*Dataset extract*

↓

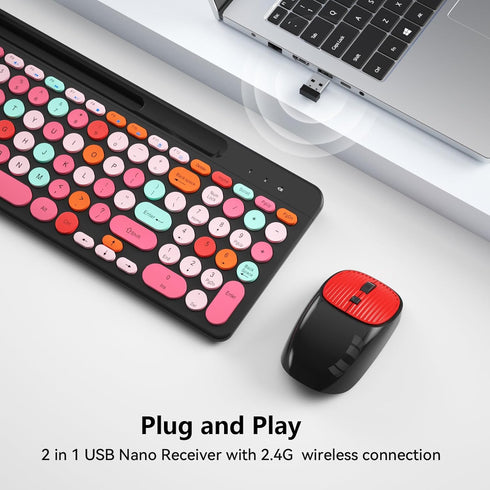 Wireless Keyboard and Mouse Combo, Retro Typewriter Wireless Keyboard with Round Keycaps, 2.4GHz Compact USB Cute
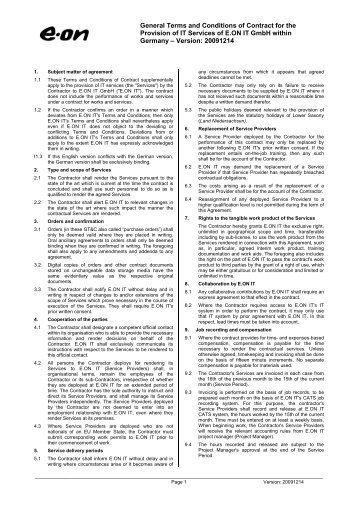 General Terms and Conditions of Contract for the ... - E.ON AG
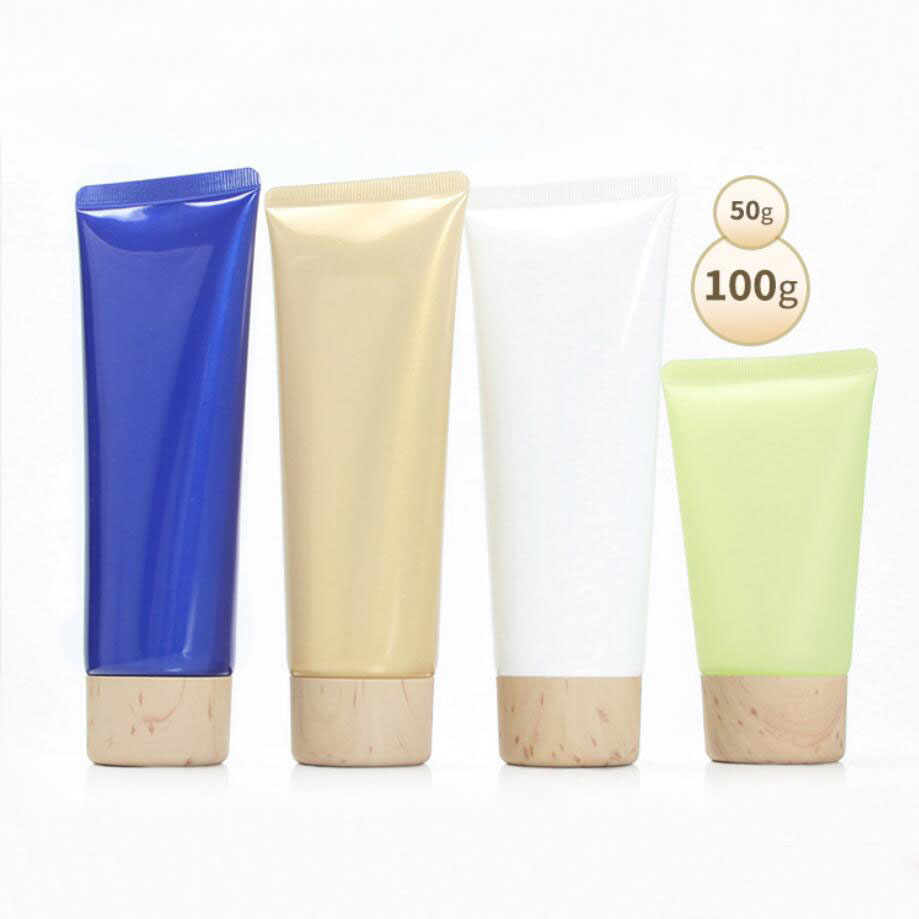Gel Refill Pack - 50ml100ml ソフトチューブ木製形状蓋洗浄血清ハンドクリーム/ジェルクレンザーバターチューブ/クレンザーミルクスキンケア化粧品包装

↑

*Exercise objective*
Reproduce the data above in full, exactly as it is, with the pictures left out.

*Finished exercise*
 Wireless Keyboard and Mouse Combo, Retro Typewriter Wireless Keyboard with Round Keycaps, 2.4GHz Compact USB Cute
 General Terms and Conditions of Contract for the ... - E.ON AG
Gel Refill Pack - 50ml100ml ソフトチューブ木製形状蓋洗浄血清ハンドクリーム/ジェルクレンザーバターチューブ/クレンザーミルクスキンケア化粧品包装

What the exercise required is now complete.